終電

十月十日(木)陰
御徒町のような街の路地を曲がった雑居ビルの地下へと家人の導きで降りて行くと、そこは思いがけず劇場になっていて、東京ガールズコレクションを思いっきり安っぽくしたようなファッションショーをやっている。席にはその座席の値段が書かれていて、良い席は5000円もするが皆100円のところに腰掛けている。外人の客も多い。私は1円の席を見つけて座る。横でアパレル会社の一団が出番を待っているのが見える。化粧品の宣伝をしている一群もある。私はすぐに飽きてひとりで外に出ると、丁度これから出番の会社の社長らしい、ゴリラのようにゴツい男性と擦れ違う。

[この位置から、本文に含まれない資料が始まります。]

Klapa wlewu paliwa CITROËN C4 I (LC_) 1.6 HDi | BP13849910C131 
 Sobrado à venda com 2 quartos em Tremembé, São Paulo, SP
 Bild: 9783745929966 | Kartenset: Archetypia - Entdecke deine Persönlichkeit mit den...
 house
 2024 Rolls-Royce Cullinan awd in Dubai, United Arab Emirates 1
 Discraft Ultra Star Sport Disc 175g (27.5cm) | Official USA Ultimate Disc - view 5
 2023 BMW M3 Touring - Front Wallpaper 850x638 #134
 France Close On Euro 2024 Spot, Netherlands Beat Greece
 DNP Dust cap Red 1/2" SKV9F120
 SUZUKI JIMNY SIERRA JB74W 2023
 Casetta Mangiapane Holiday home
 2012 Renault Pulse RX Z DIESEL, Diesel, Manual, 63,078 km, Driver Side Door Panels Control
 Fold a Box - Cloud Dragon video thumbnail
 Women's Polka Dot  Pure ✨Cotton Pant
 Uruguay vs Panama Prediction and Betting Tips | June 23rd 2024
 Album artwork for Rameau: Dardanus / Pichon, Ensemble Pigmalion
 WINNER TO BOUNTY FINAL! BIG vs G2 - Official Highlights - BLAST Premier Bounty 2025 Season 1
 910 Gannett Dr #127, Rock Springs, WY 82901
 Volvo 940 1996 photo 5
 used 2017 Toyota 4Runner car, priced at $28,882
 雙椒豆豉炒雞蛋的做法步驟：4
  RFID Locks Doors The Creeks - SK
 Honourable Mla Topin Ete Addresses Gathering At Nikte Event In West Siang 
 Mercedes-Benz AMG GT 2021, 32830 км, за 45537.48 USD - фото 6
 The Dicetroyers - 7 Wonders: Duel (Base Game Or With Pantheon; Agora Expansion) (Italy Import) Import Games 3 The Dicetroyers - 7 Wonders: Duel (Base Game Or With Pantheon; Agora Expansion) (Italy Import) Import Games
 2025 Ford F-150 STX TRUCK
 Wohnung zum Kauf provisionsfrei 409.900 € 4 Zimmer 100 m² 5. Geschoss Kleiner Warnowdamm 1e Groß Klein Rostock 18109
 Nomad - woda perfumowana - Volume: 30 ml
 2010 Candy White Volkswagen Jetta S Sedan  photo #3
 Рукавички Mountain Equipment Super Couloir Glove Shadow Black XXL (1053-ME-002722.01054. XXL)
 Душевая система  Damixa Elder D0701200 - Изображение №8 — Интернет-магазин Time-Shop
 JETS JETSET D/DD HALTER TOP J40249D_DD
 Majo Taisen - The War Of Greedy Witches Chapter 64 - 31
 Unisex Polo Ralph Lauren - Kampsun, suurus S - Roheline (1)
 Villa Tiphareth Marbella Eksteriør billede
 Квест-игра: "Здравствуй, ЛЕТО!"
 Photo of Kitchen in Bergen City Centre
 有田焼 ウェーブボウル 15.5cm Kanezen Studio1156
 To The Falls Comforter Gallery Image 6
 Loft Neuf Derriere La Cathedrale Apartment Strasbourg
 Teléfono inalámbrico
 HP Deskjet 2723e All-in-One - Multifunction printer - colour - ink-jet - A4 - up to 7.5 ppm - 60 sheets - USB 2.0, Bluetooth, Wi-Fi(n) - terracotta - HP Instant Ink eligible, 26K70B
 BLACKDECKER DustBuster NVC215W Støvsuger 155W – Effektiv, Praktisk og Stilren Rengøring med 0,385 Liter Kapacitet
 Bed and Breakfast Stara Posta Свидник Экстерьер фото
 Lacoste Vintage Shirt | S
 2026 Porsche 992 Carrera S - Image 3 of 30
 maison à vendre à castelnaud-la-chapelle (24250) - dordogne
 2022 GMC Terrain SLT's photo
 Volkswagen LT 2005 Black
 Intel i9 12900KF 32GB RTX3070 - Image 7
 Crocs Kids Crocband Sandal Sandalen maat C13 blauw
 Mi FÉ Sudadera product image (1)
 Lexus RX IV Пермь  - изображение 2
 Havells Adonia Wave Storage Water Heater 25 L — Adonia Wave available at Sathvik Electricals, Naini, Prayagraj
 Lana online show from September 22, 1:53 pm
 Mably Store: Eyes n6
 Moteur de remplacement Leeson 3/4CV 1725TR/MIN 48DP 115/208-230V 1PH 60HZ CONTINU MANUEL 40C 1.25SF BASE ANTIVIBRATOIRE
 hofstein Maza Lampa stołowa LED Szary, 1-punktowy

歩いて行くといつしか平塚駅南口の辺りにいて、会社の職場の飲み会が終わったばかりのようだ。N氏ふたりがいつもの様子と違って大いにはしゃいで騒ぎ廻っているうち、終電から一本前の電車が出てしまう。これで終電まで30分近く待つことになるのだ。やれやれと思ってしばらくしてからふと時計を見ると終電の電車の時刻を二分過ぎている。見ると駅に電車が入るところで、あれに乗らないと大変なことになると思い急いで駅に行こうとするのだが、駅に向かう道は上り坂でしかも砂地になっている。這い上がろうとするのだが疲れていて中々前に進まない。駅の電光掲示板には5分延発と出ているから後3分である。乗れなかったらどうやって帰ればいいのか分からない。とにかく駅へと急いでいるつもりなのだが、息が切れるばかりで少しも進まない…。
目が覚めてからも、しばらくはあはあと息を切らしていた。本当に疲れきっていた。夢でよかったという安堵感と疲労感で、やがてまたすぐに寝入ってしまった。